[Users] How to filter utf8 messages

Fri Jul 28 11:34:02 UTC 2023

On Thu, 27 Jul 2023 16:08:58 -0400
Leon Fisk <lfiskgr at gmail.com> wrote:

> On Thu, 27 Jul 2023 07:22:16 -0400
> Pierre Fortin <pf at pfortin.com> wrote:
> 
> >On Thu, 27 Jul 2023 08:38:18 +0000 Colin Leroy-Mira via Users wrote:
> >  
> >>July 27, 2023 at 9:50 AM, "Slavko" <linux at slavino.sk> wrote:
> >>
> >>    
> >>> And another question, i use this regex to score Chinesse & etc
> >>> chars (scripts) in subject in rspamd (perhaps can be useful for
> >>> OP): [\p{Han}\p{Hiragana}\p{Katakana}\p{Hangul}\p{Arabic}]+
> >>> 
> >>> Will that work in CM filter regexes?      
> >>
> >>I'm unsure, you can test regexps in the QuickSearch in extended
> >>mode: subject regexpcase "..."
> >>    
> >
> >Wow!  I've never seen that regex syntax and my ancient O'Reilly
> >(7/1997) "Mastering Regular Expressions" book does not cover it.
> >Therein, {min:max} is the "interval" quantifier, and no mention of
> >"\p". I tried the suggested regex in QuickSearch; but no hits.  The
> >messages I'm trying to filter are mostly in Chinese & Japanese; are
> >these covered by the above suggestion?  
> 
> This works, but needs more testing and probably a few more characters
> for other languages.
> 
> subject regexp "[えの理]+"
> 
> I was testing it with Quick Search in my Claws List directory with:
> 
> body_part regexp "[えの理]+"
> 
> "\p{Han}" seems to be Java syntax.
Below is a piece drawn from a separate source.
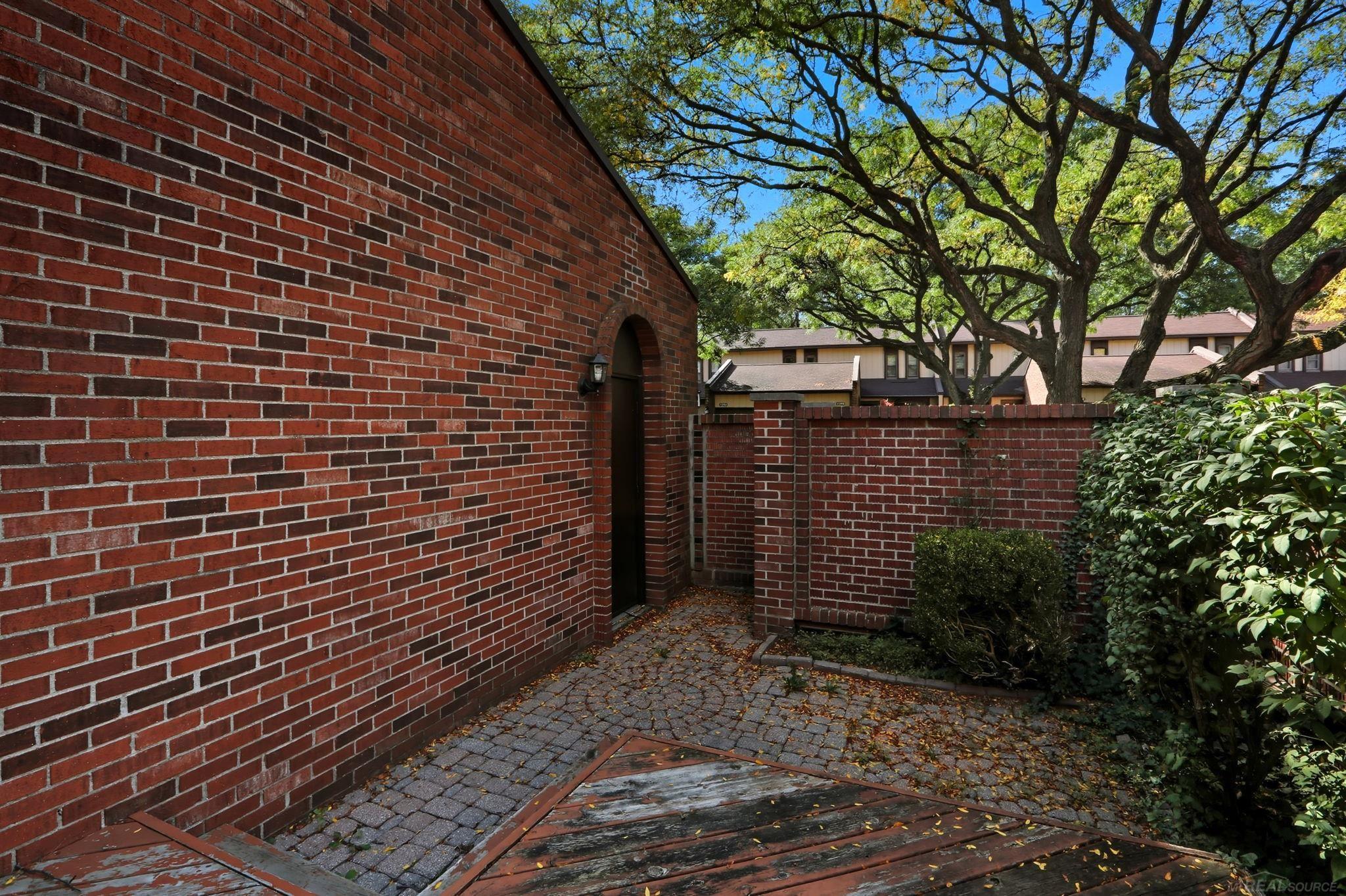 1105 Kirts Boulevard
Some info on this Wiki page:
> 
> https://en.wikipedia.org/wiki/Regular_expression#Character_classes

On that page it says: "In Perl and the java.util.regex library,
properties of the form \p{InX} or \p{Block=X} match characters in block
X ... \p{Armenian} ...". So somewhat wider than Java methinks.